• Exercise: Beginning with the line that contains "Lenovo ThinkSmart Core", copy each subsequent line of the data below through the last one, including both ends but not the pictures.

☆ ☆ ☆ ☆

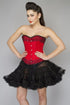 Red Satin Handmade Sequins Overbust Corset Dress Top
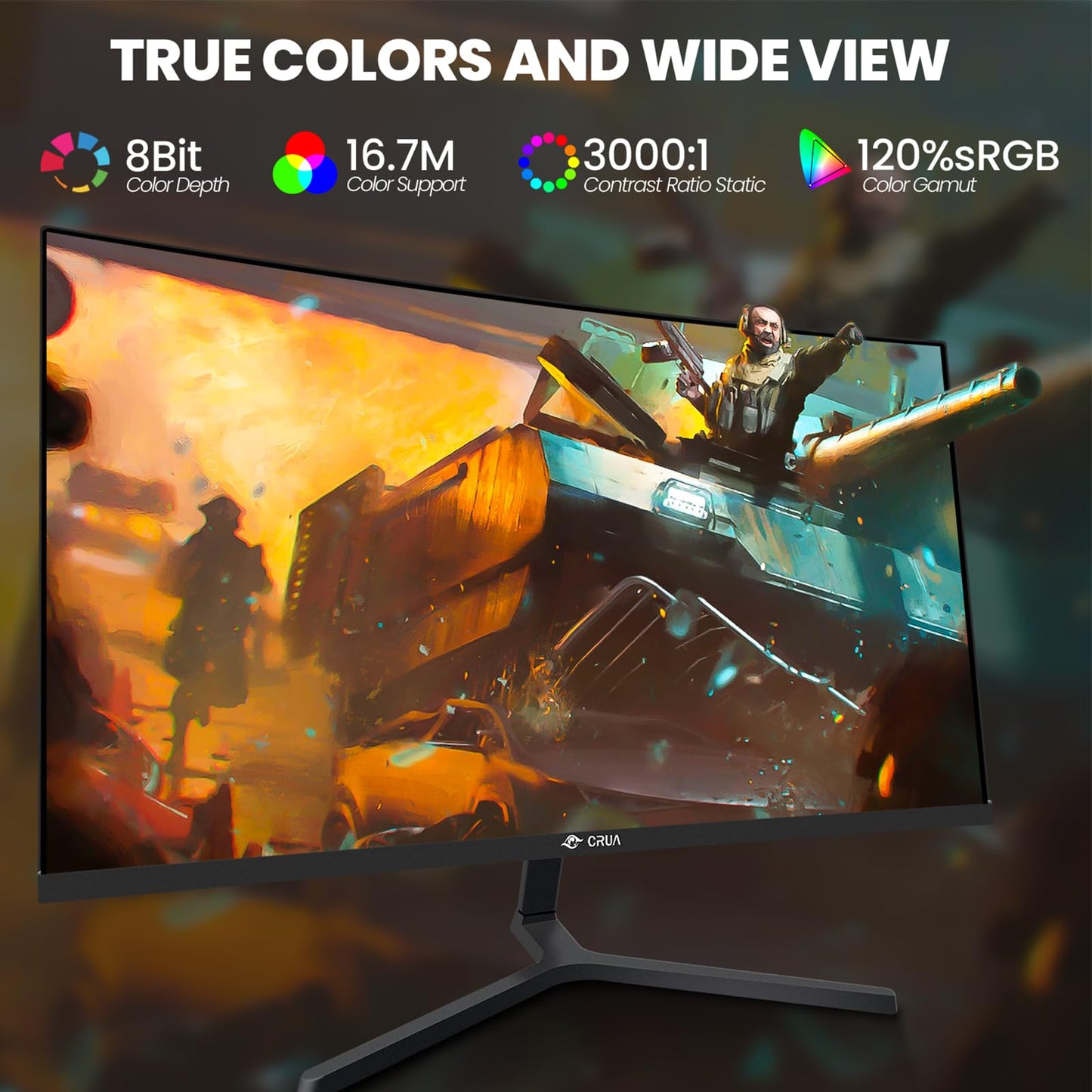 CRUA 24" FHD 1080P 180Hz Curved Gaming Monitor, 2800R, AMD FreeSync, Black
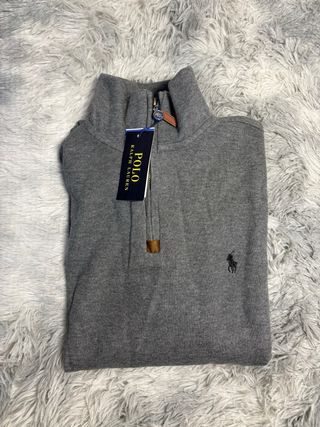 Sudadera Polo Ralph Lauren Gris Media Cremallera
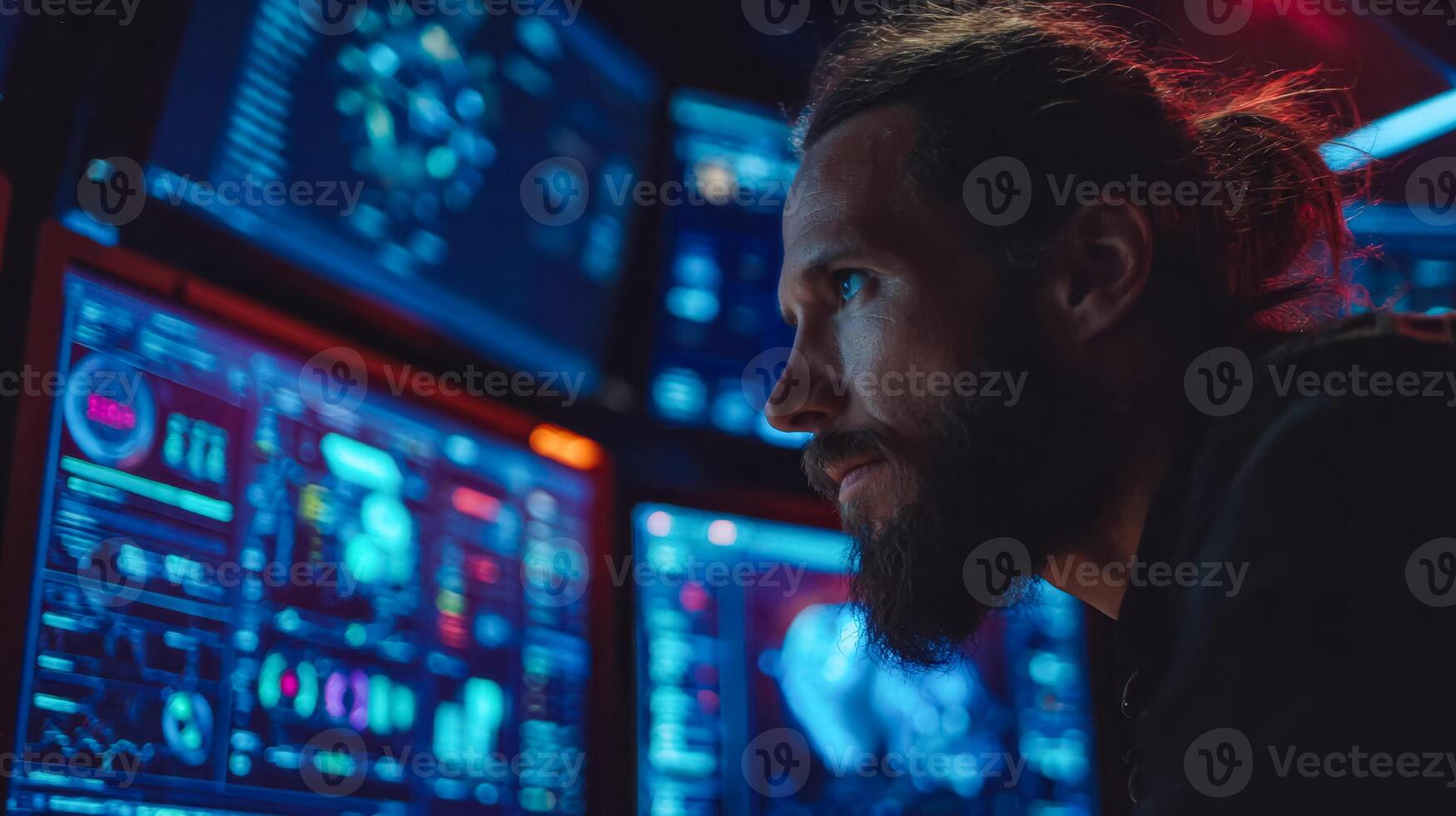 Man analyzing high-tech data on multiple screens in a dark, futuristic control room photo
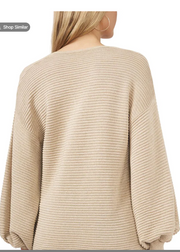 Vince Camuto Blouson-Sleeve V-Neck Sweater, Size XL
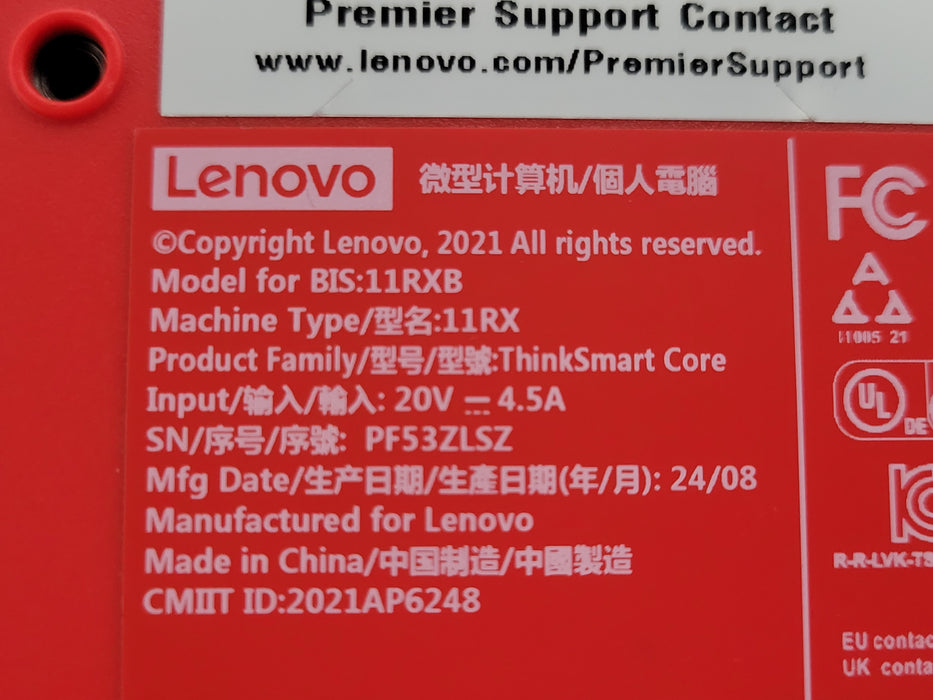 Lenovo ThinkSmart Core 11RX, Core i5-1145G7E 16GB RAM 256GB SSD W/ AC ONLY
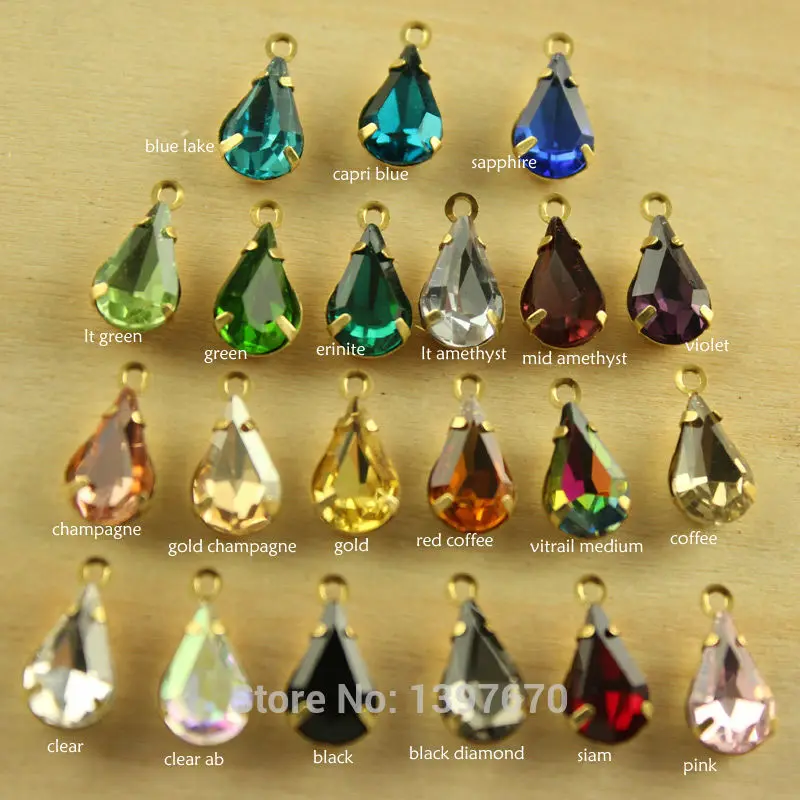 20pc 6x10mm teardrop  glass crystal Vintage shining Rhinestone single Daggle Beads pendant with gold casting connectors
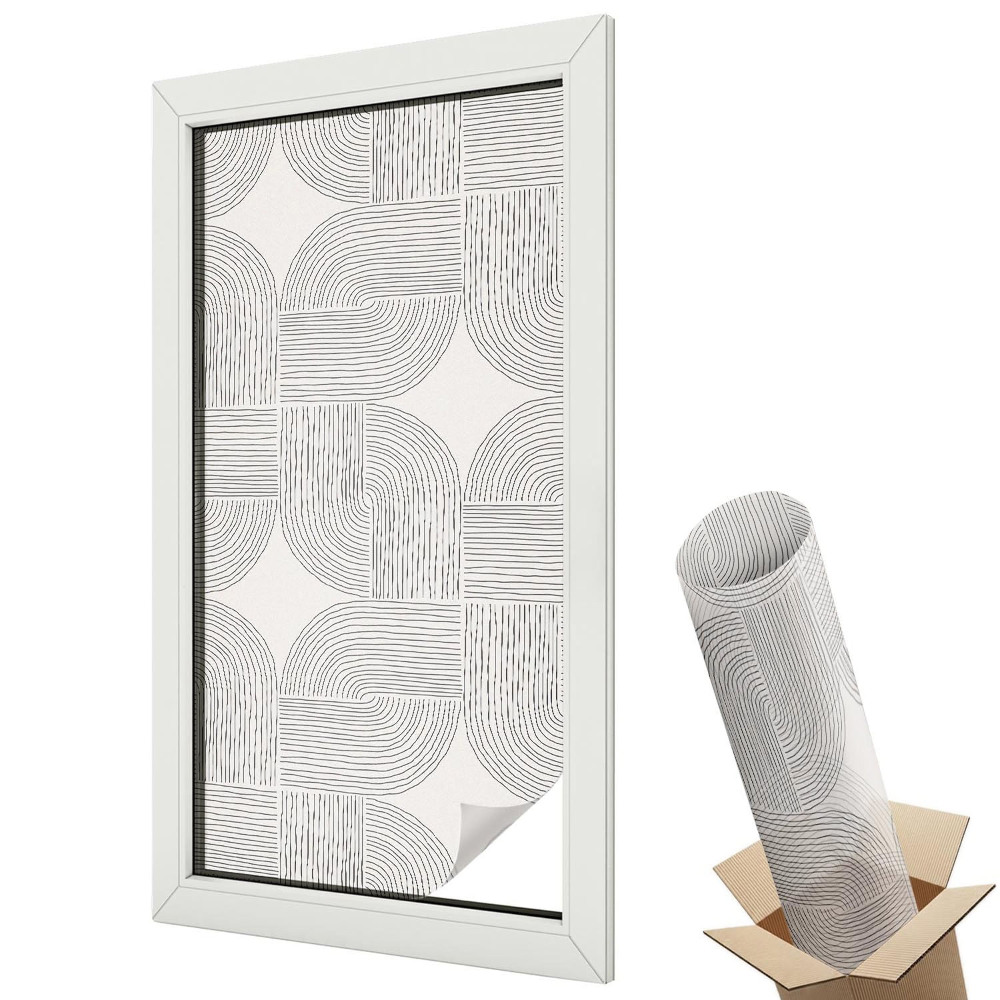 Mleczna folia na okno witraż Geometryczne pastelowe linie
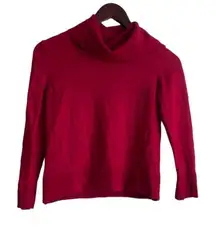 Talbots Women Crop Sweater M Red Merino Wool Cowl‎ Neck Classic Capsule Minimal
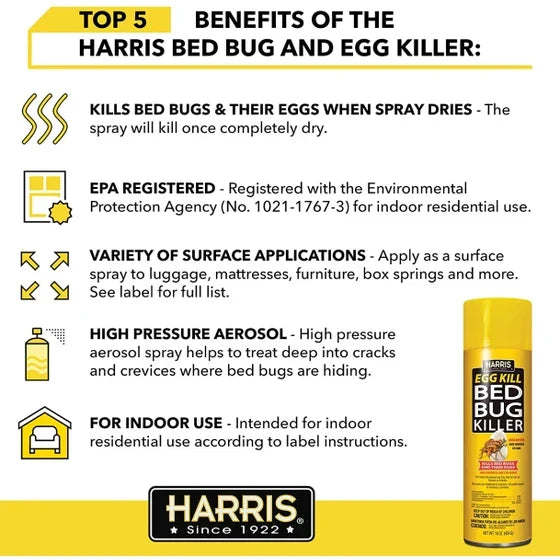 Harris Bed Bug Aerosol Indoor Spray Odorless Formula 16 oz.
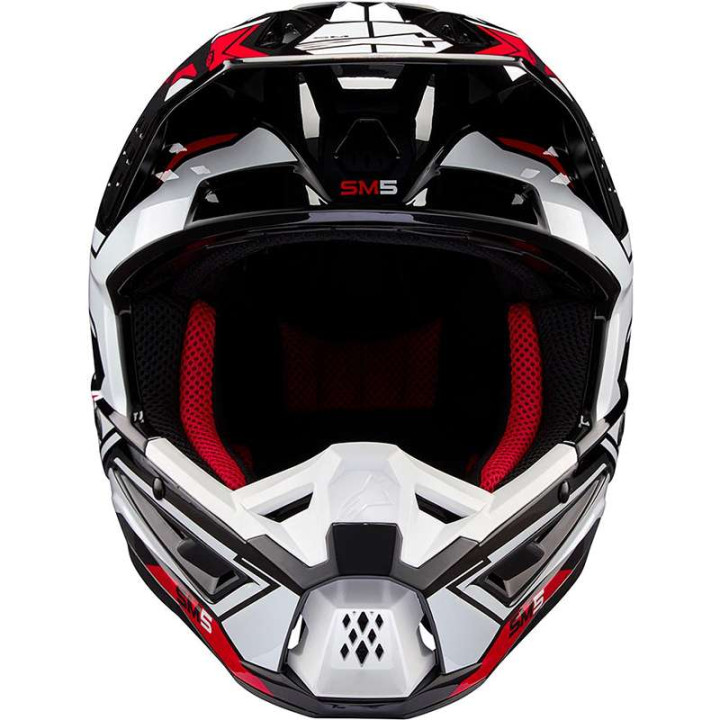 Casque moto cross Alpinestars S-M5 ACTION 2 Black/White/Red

☆ ☆ ☆ ☆

• Solution for this problem:
 Lenovo ThinkSmart Core 11RX, Core i5-1145G7E 16GB RAM 256GB SSD W/ AC ONLY
 20pc 6x10mm teardrop  glass crystal Vintage shining Rhinestone single Daggle Beads pendant with gold casting connectors
 Mleczna folia na okno witraż Geometryczne pastelowe linie
 Talbots Women Crop Sweater M Red Merino Wool Cowl‎ Neck Classic Capsule Minimal
 Harris Bed Bug Aerosol Indoor Spray Odorless Formula 16 oz.
 Casque moto cross Alpinestars S-M5 ACTION 2 Black/White/Red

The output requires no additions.